Paint Out In The Desert

Ann Japenga Arts & Entertainment

Photo credit - Palm Springs Life Archives

On a bright January day, I followed a poodle in a red sweater through the sandy washes of Box Canyon near Mecca. I had to keep an eye on the pooch at all times if I didn’t want to lose sight of the painter at the other end of the leash.

A painter on a “paint-out” (a communal outdoor painting excursion) is as engrossed as a monk in walking meditation. The poodle’s owner, Louise Tennyson, meandered up gullies and down washes, oblivious to anything but the angle of the winter sun illuminating the smoke trees.

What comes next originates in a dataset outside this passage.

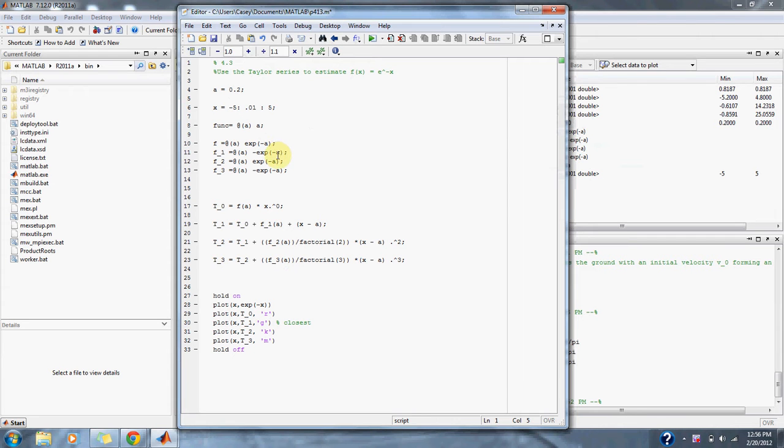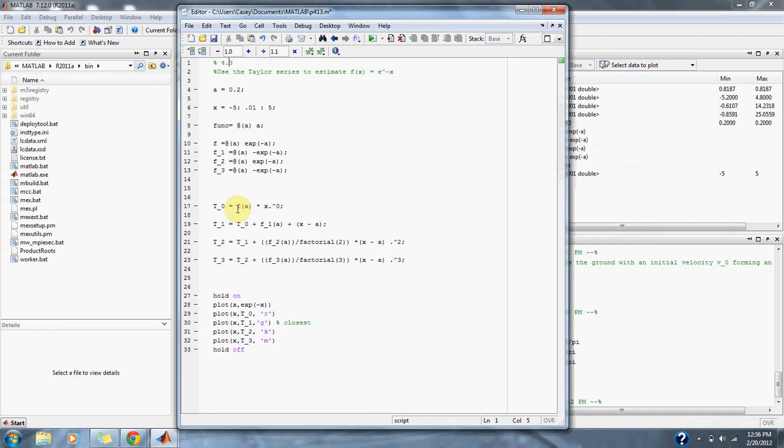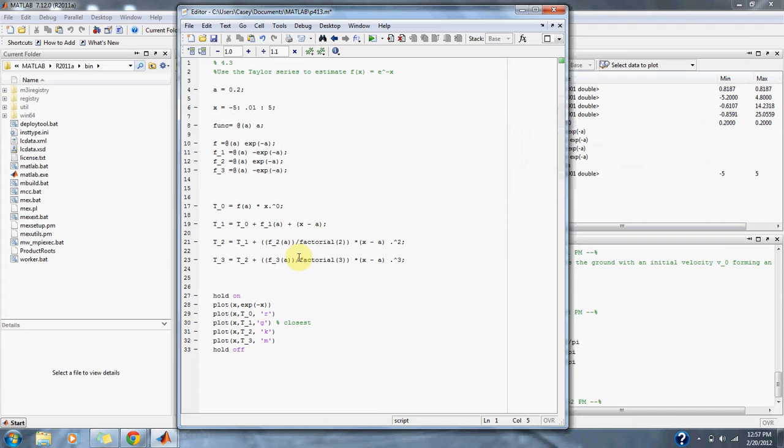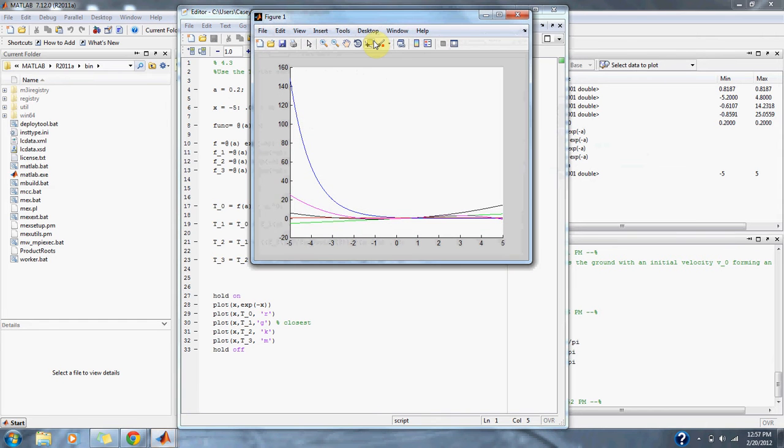We have our first derivative, second derivative, third derivative, and here we put our functions into our zero through third order Taylor series to estimate the original graph. Then we plot the graphs down here. Blue is our original graph.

I was there to learn how a painter sees the landscape and also to experience a venerable tradition: the monthly paint-out of the Desert Art Center. Established in Palm Springs in 1950, the center is one of the most influential and undersung institutions to grace the city. In almost 60 years of existence, it has fostered the careers of dozens of landscape painters whose work is now in demand by museums and collectors — folks such as John Hilton, R. Brownell McGrew, Fred Penney, Wilton McCoy, and Jimmy Swinnerton.

But the center is hardly a relic. It continues to operate as an artists’ co-op and gallery in the old Frances Stevens School near the corner of Alejo Road and Palm Canyon Drive.  I knew I’d like the paint-out when Tennyson told me there’s no boss and no rules. You don’t even have to have to be an artist.

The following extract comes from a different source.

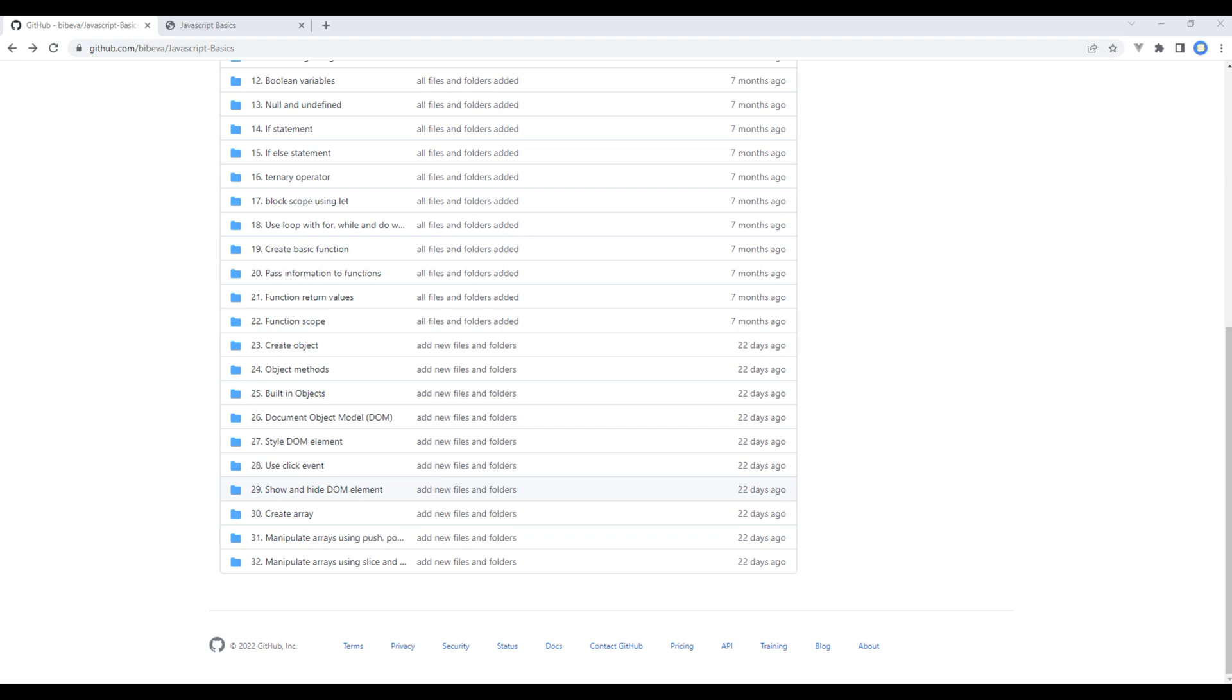This is the 29th episode about JavaScript basics. In the previous episode, we worked on the click event, and today we'll show and hide the DOM element.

When I showed up at Box Canyon, painters were scattered here and there — within eyeshot of each other, but otherwise alone with their easels. At lunchtime, they ambled back to their cars and everyone swapped morsels and told stories of painters they know. Edna Hollinger, an early president and accomplished painter, still lives in Palm Springs. Sally Ward, 98 and living in a Tucson rest home, still paints every day.

The painters may change from year to year, but the places stay the same. Box Canyon was a favorite of Swinnerton’s in the 1950s. Tennyson learned where to paint from now-deceased artists such as Darwin Duncan and Karl Albert. She can show you a little park in Indian Wells where you can view the serrated mountains — without the distraction of development — just as Fred Chisnall or Carl Bray did a half century ago.

The Desert Art Center got started when the now-famous Agnes Pelton donated a smoke tree painting to raise funds for the center. The first president was Palm Springs’ flying great-grandmother, Zaddie Bunker.

The oldest nonprofit center in the Coachella Valley moved a few times before settling into its present quarters. At the time, the painters never realized they were part of a desert movement. But today these artists are coming into their own, just as the Carmel and Laguna landscape artists did before them. On the day I wrote this, there were 39 bids on a John Hilton painting on eBay — just one gauge of the growing popularity of desert artists.

Bray, the beloved painter of smoke trees and railroads (formerly of Indian Wells and now living in Banning) was president of the club in the 1950s. “Everybody that painted the desert seemed to belong to that group,” he says. “It was kind of our guidepost.”